Brian Reisinger, Tennessee creek
The terrain of the Cumberland Plateau includes creeks and mixed forestland, offering hogs plenty of places to find food and water. (Brian Reisinger photo)

In my head, I kept turning over our own journey in those storied woods, knowing there was a lesson deeper than disciplined hunting. Certainly we’d learned many times there is no triumph without trial. But this lesson was more subtle and powerful, and it settled over me by that dam at the end of the world. Steven had taught me the lesson of admitting vulnerability. As a child—one becoming a young man before my eyes—he had not yet learned all of the reasons adults hide their vulnerabilities. Without the honesty that follows facing your fears, Steven might have never mustered the courage to take on that second hog, and I might have never told myself to get out from behind that tree.

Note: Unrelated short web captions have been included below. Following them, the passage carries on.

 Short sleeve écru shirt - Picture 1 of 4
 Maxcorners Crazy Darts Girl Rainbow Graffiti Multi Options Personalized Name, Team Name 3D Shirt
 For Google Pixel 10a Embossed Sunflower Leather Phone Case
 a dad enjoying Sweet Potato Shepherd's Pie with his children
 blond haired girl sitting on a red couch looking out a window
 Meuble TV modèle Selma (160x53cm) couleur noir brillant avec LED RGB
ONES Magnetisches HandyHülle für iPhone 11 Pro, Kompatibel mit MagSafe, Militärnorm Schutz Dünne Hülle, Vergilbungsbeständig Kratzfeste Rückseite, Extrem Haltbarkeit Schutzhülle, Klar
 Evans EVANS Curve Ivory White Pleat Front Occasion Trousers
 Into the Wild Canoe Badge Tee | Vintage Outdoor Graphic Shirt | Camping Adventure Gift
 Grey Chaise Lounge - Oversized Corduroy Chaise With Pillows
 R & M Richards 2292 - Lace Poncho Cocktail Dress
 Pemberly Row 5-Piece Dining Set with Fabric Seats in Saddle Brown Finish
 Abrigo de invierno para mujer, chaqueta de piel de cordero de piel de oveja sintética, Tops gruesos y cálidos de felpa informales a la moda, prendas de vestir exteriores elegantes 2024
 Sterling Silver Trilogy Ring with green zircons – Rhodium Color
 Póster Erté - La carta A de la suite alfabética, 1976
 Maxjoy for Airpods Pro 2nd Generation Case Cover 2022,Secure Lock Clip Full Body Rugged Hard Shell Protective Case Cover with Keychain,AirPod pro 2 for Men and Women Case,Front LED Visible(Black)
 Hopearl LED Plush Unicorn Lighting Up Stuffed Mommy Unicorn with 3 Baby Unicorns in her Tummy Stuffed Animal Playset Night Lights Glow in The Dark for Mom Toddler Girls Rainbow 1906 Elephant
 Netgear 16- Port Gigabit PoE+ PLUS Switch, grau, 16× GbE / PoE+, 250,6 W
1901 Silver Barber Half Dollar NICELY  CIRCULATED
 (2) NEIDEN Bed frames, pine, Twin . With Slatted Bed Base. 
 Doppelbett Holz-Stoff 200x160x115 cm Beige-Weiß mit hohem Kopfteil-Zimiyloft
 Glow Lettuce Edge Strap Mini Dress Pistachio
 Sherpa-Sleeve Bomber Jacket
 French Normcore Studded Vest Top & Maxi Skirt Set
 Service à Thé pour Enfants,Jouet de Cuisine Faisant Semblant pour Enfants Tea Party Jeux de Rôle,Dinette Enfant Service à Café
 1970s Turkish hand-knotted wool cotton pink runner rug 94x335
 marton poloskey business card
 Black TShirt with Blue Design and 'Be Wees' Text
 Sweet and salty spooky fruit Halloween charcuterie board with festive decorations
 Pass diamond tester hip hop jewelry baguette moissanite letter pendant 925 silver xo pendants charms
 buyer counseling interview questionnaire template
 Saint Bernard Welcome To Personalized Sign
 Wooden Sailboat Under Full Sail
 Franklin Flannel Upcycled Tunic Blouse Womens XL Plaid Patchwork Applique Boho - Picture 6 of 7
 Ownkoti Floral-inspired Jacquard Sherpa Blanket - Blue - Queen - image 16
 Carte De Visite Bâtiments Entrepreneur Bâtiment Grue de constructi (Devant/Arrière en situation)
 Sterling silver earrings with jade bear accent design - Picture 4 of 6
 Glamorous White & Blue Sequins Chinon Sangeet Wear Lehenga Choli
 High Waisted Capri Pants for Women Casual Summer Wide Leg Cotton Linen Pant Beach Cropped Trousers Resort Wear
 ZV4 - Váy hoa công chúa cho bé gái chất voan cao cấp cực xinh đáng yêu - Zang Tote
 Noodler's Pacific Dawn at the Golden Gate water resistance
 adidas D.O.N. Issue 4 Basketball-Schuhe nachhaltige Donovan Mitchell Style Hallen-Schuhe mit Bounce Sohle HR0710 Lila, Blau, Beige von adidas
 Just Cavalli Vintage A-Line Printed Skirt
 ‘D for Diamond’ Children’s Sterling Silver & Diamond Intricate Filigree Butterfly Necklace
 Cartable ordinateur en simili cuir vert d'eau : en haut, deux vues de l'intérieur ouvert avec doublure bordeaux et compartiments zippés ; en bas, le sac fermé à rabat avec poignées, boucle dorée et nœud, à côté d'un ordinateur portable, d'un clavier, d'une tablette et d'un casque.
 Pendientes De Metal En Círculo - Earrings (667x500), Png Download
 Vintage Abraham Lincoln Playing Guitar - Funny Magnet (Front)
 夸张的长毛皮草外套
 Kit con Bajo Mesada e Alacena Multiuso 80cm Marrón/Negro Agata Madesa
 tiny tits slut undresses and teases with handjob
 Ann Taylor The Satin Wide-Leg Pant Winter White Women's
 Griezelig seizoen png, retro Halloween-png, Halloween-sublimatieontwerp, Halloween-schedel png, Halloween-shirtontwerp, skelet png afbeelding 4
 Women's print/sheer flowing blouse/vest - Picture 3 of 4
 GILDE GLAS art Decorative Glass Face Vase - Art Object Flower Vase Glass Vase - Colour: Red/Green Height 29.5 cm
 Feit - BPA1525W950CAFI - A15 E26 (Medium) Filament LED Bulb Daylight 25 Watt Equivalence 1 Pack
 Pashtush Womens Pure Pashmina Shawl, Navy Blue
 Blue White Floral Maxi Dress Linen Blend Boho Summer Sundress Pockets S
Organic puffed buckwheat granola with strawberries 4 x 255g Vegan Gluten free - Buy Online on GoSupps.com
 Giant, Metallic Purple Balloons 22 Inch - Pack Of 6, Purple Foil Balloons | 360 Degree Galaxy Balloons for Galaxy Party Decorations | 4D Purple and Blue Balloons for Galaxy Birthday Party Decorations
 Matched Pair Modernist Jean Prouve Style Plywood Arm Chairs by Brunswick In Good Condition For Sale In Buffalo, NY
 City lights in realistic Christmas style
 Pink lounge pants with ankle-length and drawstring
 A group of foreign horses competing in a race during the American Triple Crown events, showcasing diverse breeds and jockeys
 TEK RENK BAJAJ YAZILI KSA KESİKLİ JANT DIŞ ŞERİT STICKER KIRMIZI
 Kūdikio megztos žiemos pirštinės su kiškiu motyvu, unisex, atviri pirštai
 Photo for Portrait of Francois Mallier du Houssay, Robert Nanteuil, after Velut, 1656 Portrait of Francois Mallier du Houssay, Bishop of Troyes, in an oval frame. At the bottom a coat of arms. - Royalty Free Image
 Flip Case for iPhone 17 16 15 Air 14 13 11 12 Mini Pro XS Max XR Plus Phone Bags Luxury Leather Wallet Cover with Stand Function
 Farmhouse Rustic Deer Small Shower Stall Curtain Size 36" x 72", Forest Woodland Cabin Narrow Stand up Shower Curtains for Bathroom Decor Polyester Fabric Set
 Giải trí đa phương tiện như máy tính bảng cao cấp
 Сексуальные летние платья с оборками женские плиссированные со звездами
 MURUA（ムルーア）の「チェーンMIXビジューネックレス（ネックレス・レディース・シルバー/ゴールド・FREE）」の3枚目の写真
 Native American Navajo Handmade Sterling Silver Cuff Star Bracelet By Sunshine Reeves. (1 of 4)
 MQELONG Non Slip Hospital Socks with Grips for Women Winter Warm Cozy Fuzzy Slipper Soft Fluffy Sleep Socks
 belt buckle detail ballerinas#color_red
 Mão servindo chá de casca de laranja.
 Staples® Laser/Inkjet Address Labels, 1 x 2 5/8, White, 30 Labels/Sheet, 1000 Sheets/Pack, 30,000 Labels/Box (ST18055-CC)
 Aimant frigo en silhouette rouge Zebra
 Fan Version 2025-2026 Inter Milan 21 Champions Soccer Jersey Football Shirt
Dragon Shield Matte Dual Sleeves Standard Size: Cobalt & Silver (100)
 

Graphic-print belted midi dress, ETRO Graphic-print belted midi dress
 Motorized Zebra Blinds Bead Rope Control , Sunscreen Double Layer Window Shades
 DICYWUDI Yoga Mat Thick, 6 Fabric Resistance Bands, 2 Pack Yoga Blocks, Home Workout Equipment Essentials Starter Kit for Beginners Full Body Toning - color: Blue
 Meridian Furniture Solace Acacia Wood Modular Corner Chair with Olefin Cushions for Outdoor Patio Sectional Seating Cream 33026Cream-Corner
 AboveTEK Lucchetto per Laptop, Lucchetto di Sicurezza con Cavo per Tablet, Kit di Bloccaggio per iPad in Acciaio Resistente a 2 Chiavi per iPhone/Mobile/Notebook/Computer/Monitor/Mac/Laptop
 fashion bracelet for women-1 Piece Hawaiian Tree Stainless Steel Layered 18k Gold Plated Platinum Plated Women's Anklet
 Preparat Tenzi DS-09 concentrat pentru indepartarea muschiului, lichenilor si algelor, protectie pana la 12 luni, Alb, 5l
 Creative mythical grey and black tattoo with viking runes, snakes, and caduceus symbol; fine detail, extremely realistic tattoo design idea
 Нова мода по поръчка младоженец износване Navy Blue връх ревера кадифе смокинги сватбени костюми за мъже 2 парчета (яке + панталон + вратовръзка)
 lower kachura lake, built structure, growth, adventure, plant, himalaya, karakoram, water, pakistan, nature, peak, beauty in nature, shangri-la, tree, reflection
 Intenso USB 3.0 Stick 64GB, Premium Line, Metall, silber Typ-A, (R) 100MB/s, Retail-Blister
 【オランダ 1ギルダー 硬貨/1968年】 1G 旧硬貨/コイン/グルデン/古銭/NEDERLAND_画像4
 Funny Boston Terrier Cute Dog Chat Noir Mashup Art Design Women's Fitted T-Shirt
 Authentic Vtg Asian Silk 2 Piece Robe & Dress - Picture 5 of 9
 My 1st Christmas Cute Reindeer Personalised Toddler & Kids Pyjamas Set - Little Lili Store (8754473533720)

The rain was intermittent again, the sun still shining from behind the clouds as it fell, and I thought of other vulnerabilities. I was burnt out. I was worried about losing the life I was building with my young wife. I was concerned I wouldn’t accomplish all I wanted to before we had kids, and that those thoughts would make me a bad father. And I realized, then, the impact of seeing my dad’s mortality during his COVID fight, of checking his breathing at night, of rushing him to the hospital, of watching to make sure he didn’t fall as we tested his recovering lungs. The pandemic had bred fears for so many: isolation, loss, uncertainty, economic fallout. Mine was that I was running out of time.

We fished and talked, and the rain kissed the water and our skin, and we began to plan our journey home. My dad and sister had found Steven a new puppy he wanted to meet, and I had fears to face—some the kind a man can shed in the backwoods of the Cumberland Plateau, others the kind that take longer. As I looked up from the dock at the sun, I thought it might shine brighter soon enough, even if that strange Cumberland rain kept on falling.